In spite of Sri Lanka's status as a kind of captital of Buddhist atheism / voidism, i only saw ancient evidence there of MAHAYANA Buddhism. Moreover, M B was still pervading the popular worship of the so-called 'Theravadin' masses. For instance, on Wesak, the thrice holy day of Sakyamuni's birth, enlightenment and 'nirvana', in the public places and temples i visited, everyone was chanting Mahayana Buddha's-births stories, which included references to his previous salvific appearances. His enlightenment and 'death' stories were also from the Northern canon / tradition, and full of so-called 'mythical' and transcendent elements. I could not find a single 'Theravadin' temple where lay buddhists were NOT worshiping Sakyamuni according to Mahayana Traditions. The TB priests disdainfully tolerated it and dutifully collected the 'Hinduized' faithfuls' offerings. After my studies in Sri Lanka, the purported ancient center and regional diffusion point for TB, i am convinced that Southern, or 'atheistic / voidest Buddhism' in the S. Eastern range is and was predominantly POPULARLY Mahayana, but treated as a low-class corruption by the elitist religious, who were the 'brahmin' class, patronised and made powerful by various dynasties. I conclude that the voidests have always been in denial regarding their true historical position in relationship to Mahayana Tradition.

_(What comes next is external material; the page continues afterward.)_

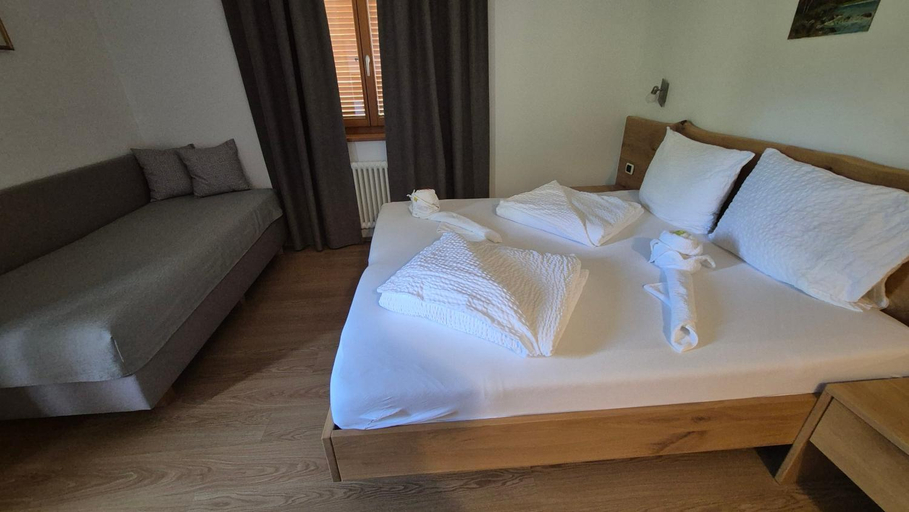 Bedroom 2, Landgasthof Sonnegghof, Bolzano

In S.E. Asia, theistic Buddhist dynasties / rulers (Jayavaram etc.) were popular with the masses, and presided over the great 'Buddhist' works that have survived to today. Thus it is clear that the ' Buddhism' of Angkor Wat in Cambodia was Vishnu worship, and similar 'Buddhist' Vishnu temples can be found throughout S. East Asia, Austranesia and the Pacific Islands. It is this popular devotional (Bhakti) Buddhism which we find spread over enormous territories throughout the ancient world. Thus we can compare HERU-ASAR- PTAH iconography and symbolism from Egypt to Buddhist iconography and symbolism throughout the East, finding truely amazing consistancies and parallels. A wide range of other evidence connects the Eastern and Mediterranean forms of 'Buddhism'. For example, Memphite rock-cut temple and Necropolis techniques are found in the great Buddhist Ajanta Caves, and textual scholars have long noted the similarities between the Egyptian and Tibetan so-called 'Book Of The Dead'.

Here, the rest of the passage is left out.